Les entreprises le paieraient trop cher. Et les salariés tout autant, dans un contexte où le chômage continue d’augmenter: touchant 17,8 millions de personnes dans la zone euro (soit un taux de 11,2%), il a progressé de plus de 11% par rapport à juin 2011. Renchérir le coût du travail dans ces conditions serait suicidaire pour l’emploi.
L’objectif consiste bien à éviter la combinaison d’une inflation forte, d’une croissance économique nulle ou presque et d’un chômage élevé. Car ce sont les trois ingrédients de la stagflation. Or, déjà en 1990, Pierre Bérégovoy aux Finances déclarait:
«Tout doit être fait pour endiguer l’inflation; tout doit être fait aussi pour éviter une récession (…). Nous devons donc naviguer au plus juste pour ne pas échouer dans la stagflation.»
Gare à la «stagflation»
Malgré tout, les trois ingrédients sont là: la zone euro, et la France dans cet ensemble, apparaissent au bord de la stagflation. Ce qui ne veut pas dire qu’il n’y a plus rien à tenter. A 2% d’inflation, il existe encore quelques marges de manœuvre. En outre, il ne faudrait pas que, focalisée sur le spectre de l’inflation, la zone euro se laisse entraîner dans la déflation, tout aussi dangereuse pour l’économie que l’inflation.

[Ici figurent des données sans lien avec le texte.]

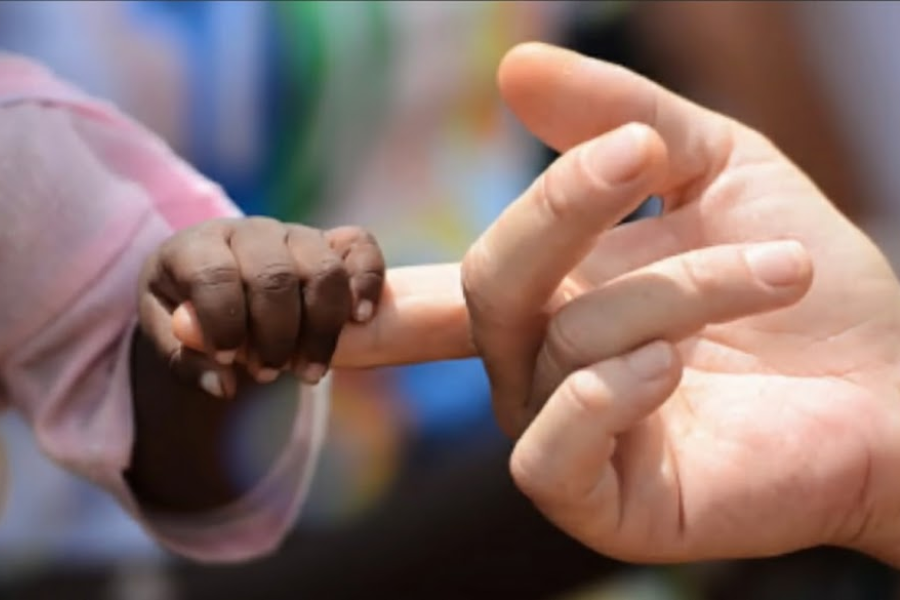 A close-up of a small child’s hand grasping an adult’s finger in a tender, symbolic gesture.
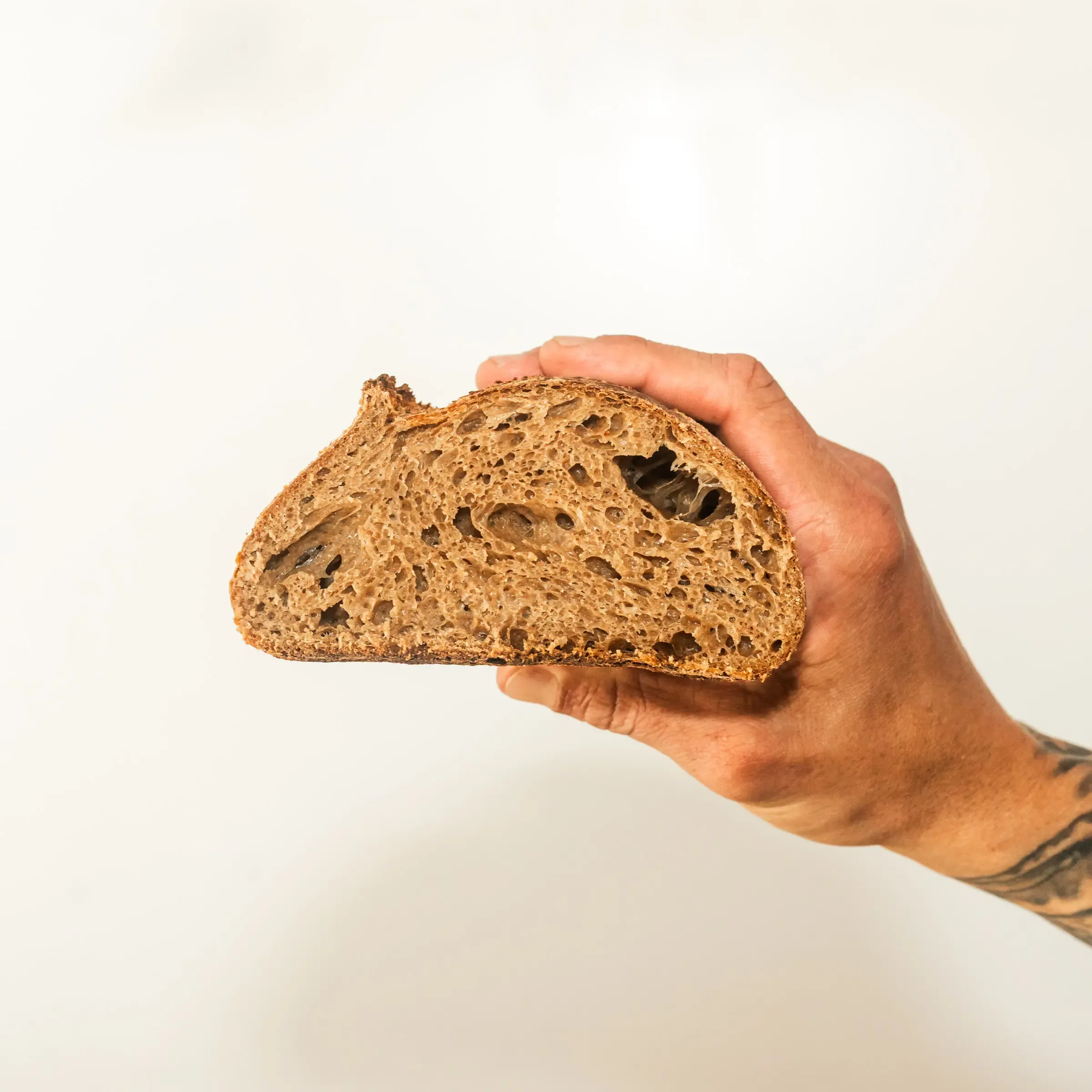 Organic Wholewheat Sourdough sliced held in hand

La BCE peut notamment racheter de la dette des pays comme elle le fit déjà pour la Grèce, l’Italie et l’Espagne, en se limitant à la dette à court terme pour ne pas déclencher les foudres de l’Allemagne opposée aux dispositions inflationnistes comme le rachat de dette à long terme. Déjà, en 2010, la Banque centrale avait transgressé les règles en rachetant plus de 140 milliards d’euros de dette publique.
Depuis, de nouveaux outils ont été définis. Le Mécanisme européen de stabilité (MES) qui doit prendre la relève du Fonds européen de stabilité financière (FESF), se met en place comme l’a décidé le Conseil européen de fin juin.
Ce nouveau fonds, émetteur de dette, est dotée d’une force de frappe de 500 milliards d’euros qui s’ajouteront aux quelque 250 milliards d’euros dont dispose encore le FESF.
Ces sommes doivent être utilisées pour venir en aide aux pays de la zone en crise qui pourront par ce biais se refinancer à de meilleures conditions ou obtenir des lignes de crédit. A condition d’accepter, toutefois, des contreparties.
Avec ces différents outils, on ne parle pas de planche à billets. Mais s’agissant de rachat ou d’émission de dette, on est bien dans le cadre de mesures inflationnistes. Avec en contrepartie pour éviter un dérapage, un dispositif de supervision bancaire réclamé par l’Allemagne pour les pays de la zone euro.
La difficulté, à ce stade, consiste à tout faire fonctionner ensemble pour que, comme le clame Mario Draghi, la monnaie européenne fasse la démonstration de son caractère «irréversible» et que la zone euro utilise son énergie à se relancer plutôt qu’à se défendre sur les marchés.
Toutefois, la vraie solution pour sortir l’Europe de l’ornière, à laquelle même l’ingénierie financière est soumise, réside dans la compétitivité des entreprises pour stimuler la croissance. Il n’est pas d’autre solution pour sortir de la récession où la France, entre autres, est retombée. De ce point de vue, à force de vouloir se donner du temps, le gouvernement de Jean-Marc Ayrault risque de laisser la situation s’envenimer.